MATERIAL PROVIDED START
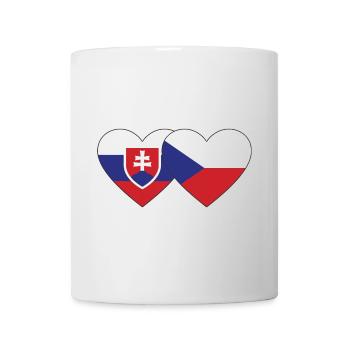 Slowakei Tschechien Flagge Herz - Tasse - Weiß - Vorne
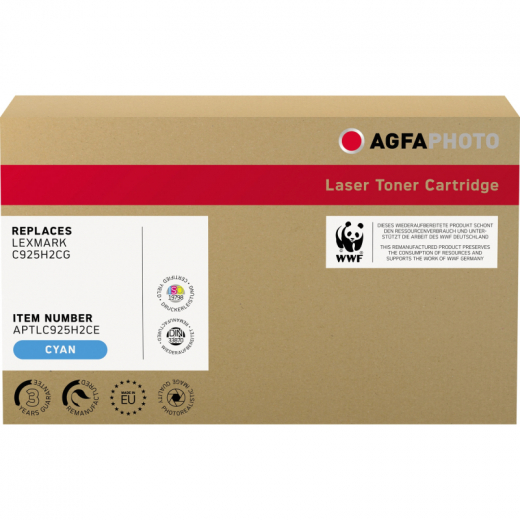 AgfaPhoto Toner APTLC925H2CE wie Lexmark C925H2CG cyan,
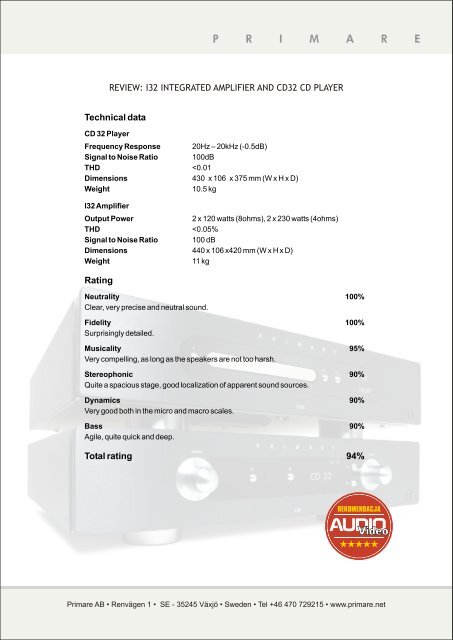 I32CD32/Poland/AV/0111/eng - Primare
MATERIAL PROVIDED END
Copy the listing exactly. Leave the pictures out.

 Slowakei Tschechien Flagge Herz - Tasse - Weiß - Vorne
 AgfaPhoto Toner APTLC925H2CE wie Lexmark C925H2CG cyan,
 I32CD32/Poland/AV/0111/eng - Primare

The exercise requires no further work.